In what has become a mini-holiday for NFL fans, the league announced its regular-season schedule on Wednesday night, complete with long dueling television specials on ESPN2 and NFL Network.
On Sept. 5, the Chicago Bears and Green Bay Packers kick off the NFL’s 100th season, the first of 256 games before the playoffs. Let’s take a look at some of the key revelations and dates from the regular-season schedule:
Historic opener breaks from tradition
For the NFL’s 100th season, the league wanted to switch things up a bit on opening night. Or, maybe, the NFL realized everyone has some New England Patriots fatigue.
The defending champions won’t host the first game of the NFL regular season. Instead, the NFL’s oldest rivalry takes center stage as thee Packers face off with the Bears. The Patriots get a great Week 1 game too: They host the Steelers on “Sunday Night Football,” and will celebrate their Super Bowl LIII title then.
While it’s a bit odd to not have the champs on the first Thursday of the season, it’s not like the NFL gave us a bad opener. The Bears are the defending NFC North champions and the Packers, with a new coach in Matt LaFleur and some dirty laundry aired involving Aaron Rodgers, are trying to reestablish themselves as contenders.
Five international games, including return to Mexico
The NFL had to cancel its game in Mexico City last year due to significant concerns about the turf. The game reverted to Los Angeles, and the Chiefs and Rams gave us what is likely the greatest regular-season game in NFL history.
The NFL will try again. Included in the five international games this season is a “Monday Night Football” game in Week 11 between the Chiefs and Chargers. One would assume the turf will be ready.
The other four international games will come from London: Bears vs. Raiders (Week 5), Panthers vs. Buccaneers (Week 6), Bengals vs. Rams (Week 8), Texans vs. Jaguars (Week 9). The Panthers-Bucs and Texans-Jaguars game will be in the 9:30 a.m. ET window.
Two title game rematches
Last season, conference championship weekend produced two classics. Hopefully, we get two great rematches.
The Los Angeles Rams beat the New Orleans Saints in overtime of the NFC championship game, with a lot of controversy involved. Those two teams will meet again Week 2 in Los Angeles.
The AFC championship game went to overtime too, and the New England Patriots knocked off the Kansas City Chiefs. That rematch will take place in Foxborough late in the season, in Week 14.
Kicking things off
As always, the NFL will have a doubleheader on “Monday Night Football” to start the season.
In Week 1, the Houston Texans will play at the New Orleans Saints in the first game, and the Denver Broncos play at the Oakland Raiders, with new star receiver Antonio Brown, in the late game. That caps off Week 1, which always produces plenty of surprises.

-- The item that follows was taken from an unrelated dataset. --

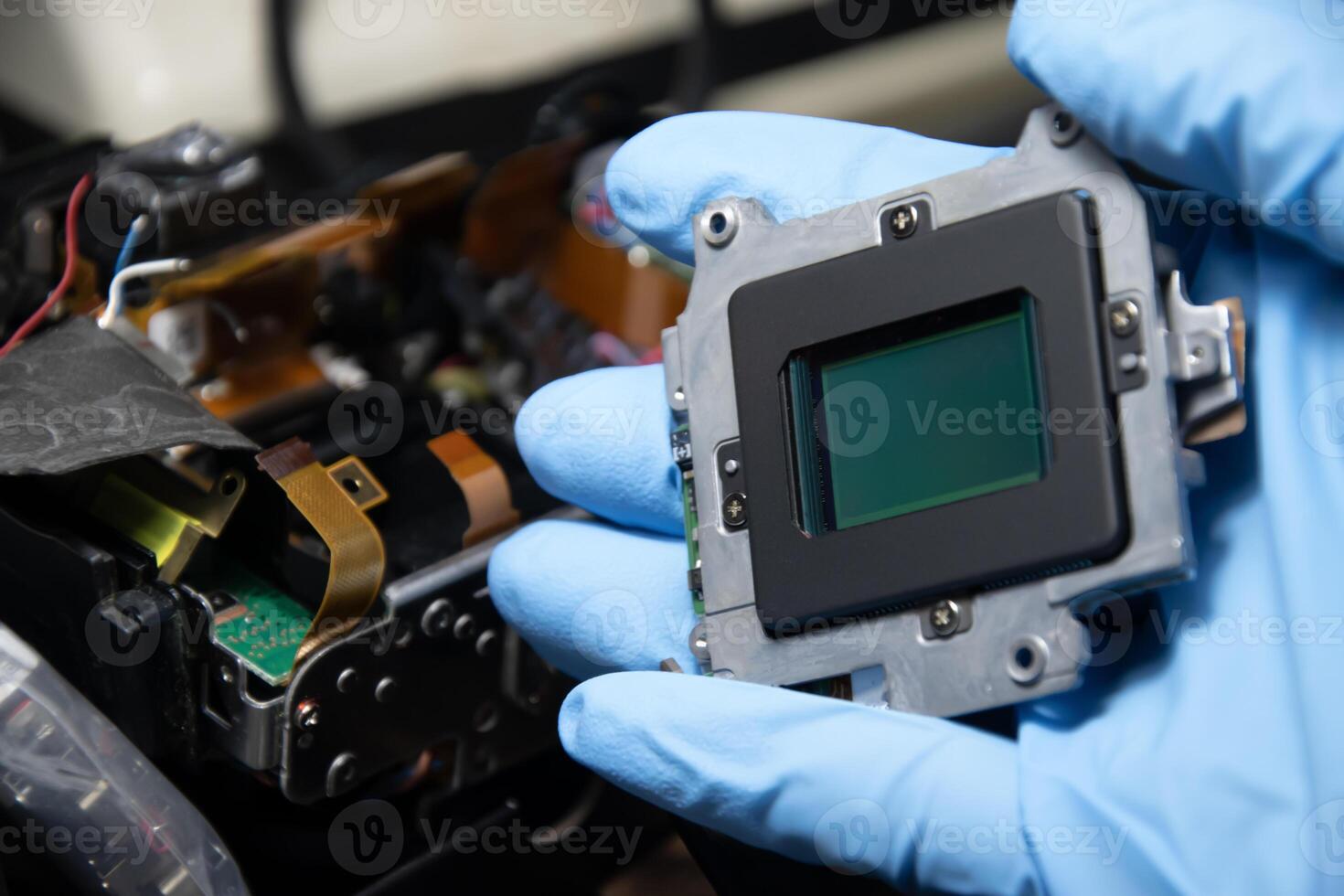 CCD image sensor the internal imaging component of a DSLR camera camera repair photo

Thanksgiving games look familiar
The NFL didn’t get too creative for its three Thanksgiving games.
The matchups between the Chicago Bears and Detroit Lions, and the late game between the New Orleans Saints and Atlanta Falcons, should look familiar. They were Thanksgiving games last year, and we get them again in 2019. In between those two familiar matchups the Dallas Cowboys will host the Buffalo Bills, which is different at least.